Stomp Audio Unveils the Octopus Octaver

A monophonic octave pedal that uses an analog circuit.

Belo Horizonte, Brazil (December 15, 2016) -- Adding to the company’s well-established line of boutique guitar pedals, Stomp Audio Labs has unveiled their new effect, the Octopus, an analog octaver. The Octopus is a monophonic octave pedal that uses an analog circuit to produce lower and higher octaves. That is, your signal is never converted into zeros. The octave-down is a strong, full-bodied bass as the octave-up is a sharp treble.
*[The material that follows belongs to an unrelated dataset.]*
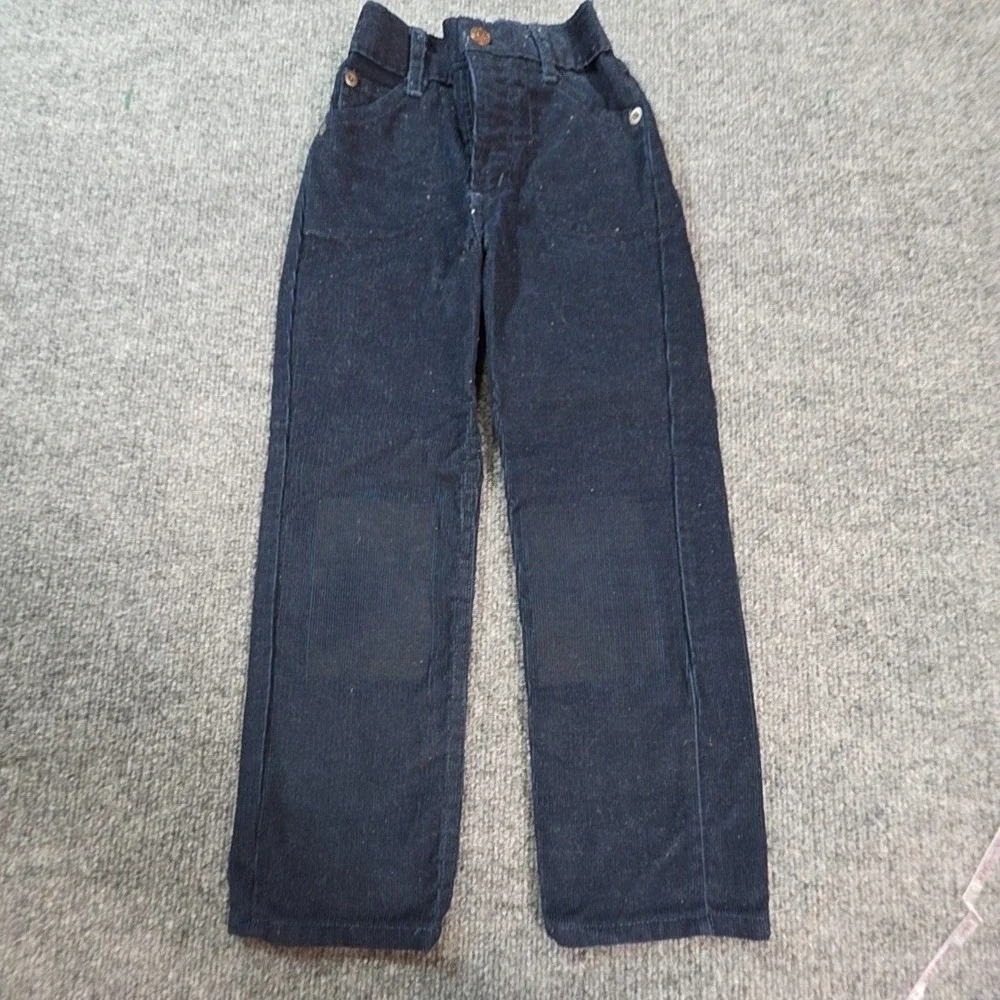 Vintage Perma-Prest Pants Kids 6 Blue Corduroy Khakis Zip Pockets School Fall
As it is monophonic, it traces one note at a time - especially when using the lower octave. The truth is, you will not need to play more notes when it’s playing for you, filling the sound spectrum with its octaves and their harmonics. It traces skillfully the largest part of the scale, especially the area between the 5th and 17th houses, which respond very well to both octaves. Also a stunner on the bass, generating that sub-grave staggering bass.
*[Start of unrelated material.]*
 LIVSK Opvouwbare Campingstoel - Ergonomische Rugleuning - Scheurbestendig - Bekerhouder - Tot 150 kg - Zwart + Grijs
The sound of Octopus is absolutely more interesting than all the digital octavers out there. It’s bass octave is insanely fat and organic, it really sounds like a strong bass, or a 2.5 to 5.4 magnitude earthquake depending on the frequency. The sound of its treble octave goes from a behaved tone to that strident octave, well noticed and full of harmonics, more like a '60s fuzz. This natural versatility contrasts with the tone of digital octavers, that sound artificial and sterile.

All controls are very intuitive: there is one volume control for each octave and a mix of the clean signal with the complete octaved signal. That way you can put exactly how much of every octave you want. In addition, each octave has a small button that changes its mode, going from clean to dirty.

With the octave-up, the sound has a bit of a drive, but it’s still well behaved. When you press the button, the Fuzz mode is turned on, it generates a LOT of gain on that drive, turning that octave into an octafuzz that is sent right back to the psychedelic solos of the '60s.

With the octave-down, the sound is naturally very clean, it organically reproduces the tone of each instrument and their peculiarities. When the button is pressed, the Synth mode is turned on, the octaved signal becomes a square wave, super compressed and full of harmonics. This tone comes straight from the '70s analog synthesizers, which use the same kind of sound-generating technology, ranging from a crazy fuzz to an 8-bit video game from the '90s. Either way, you can still select the amount of the octave you want in your signal, depending on your taste.

The Octopus is a pedal with an interesting and unique sound, it manages to be versatile enough to create a very clean and subtle octaves, until some exotic alien sounds.